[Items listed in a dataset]
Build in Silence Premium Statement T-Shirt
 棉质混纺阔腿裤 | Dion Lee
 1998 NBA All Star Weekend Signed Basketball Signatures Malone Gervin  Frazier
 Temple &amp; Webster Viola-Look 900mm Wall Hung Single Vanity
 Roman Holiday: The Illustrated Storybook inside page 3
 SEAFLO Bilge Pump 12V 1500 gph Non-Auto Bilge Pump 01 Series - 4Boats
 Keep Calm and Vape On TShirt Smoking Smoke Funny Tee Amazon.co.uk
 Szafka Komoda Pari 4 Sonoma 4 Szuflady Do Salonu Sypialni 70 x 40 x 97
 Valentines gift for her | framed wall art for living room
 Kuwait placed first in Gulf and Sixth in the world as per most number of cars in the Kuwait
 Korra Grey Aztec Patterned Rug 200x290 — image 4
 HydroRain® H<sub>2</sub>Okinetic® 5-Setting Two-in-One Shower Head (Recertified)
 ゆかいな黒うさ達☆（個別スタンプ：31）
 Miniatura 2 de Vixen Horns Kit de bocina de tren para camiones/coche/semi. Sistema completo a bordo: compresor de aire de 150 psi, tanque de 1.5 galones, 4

What is being asked:
Reproduce the complete data exactly as presented above.

Exercise answer:
Build in Silence Premium Statement T-Shirt
 棉质混纺阔腿裤 | Dion Lee
 1998 NBA All Star Weekend Signed Basketball Signatures Malone Gervin  Frazier
 Temple &amp; Webster Viola-Look 900mm Wall Hung Single Vanity
 Roman Holiday: The Illustrated Storybook inside page 3
 SEAFLO Bilge Pump 12V 1500 gph Non-Auto Bilge Pump 01 Series - 4Boats
 Keep Calm and Vape On TShirt Smoking Smoke Funny Tee Amazon.co.uk
 Szafka Komoda Pari 4 Sonoma 4 Szuflady Do Salonu Sypialni 70 x 40 x 97
 Valentines gift for her | framed wall art for living room
 Kuwait placed first in Gulf and Sixth in the world as per most number of cars in the Kuwait
 Korra Grey Aztec Patterned Rug 200x290 — image 4
 HydroRain® H<sub>2</sub>Okinetic® 5-Setting Two-in-One Shower Head (Recertified)
 ゆかいな黒うさ達☆（個別スタンプ：31）
 Miniatura 2 de Vixen Horns Kit de bocina de tren para camiones/coche/semi. Sistema completo a bordo: compresor de aire de 150 psi, tanque de 1.5 galones, 4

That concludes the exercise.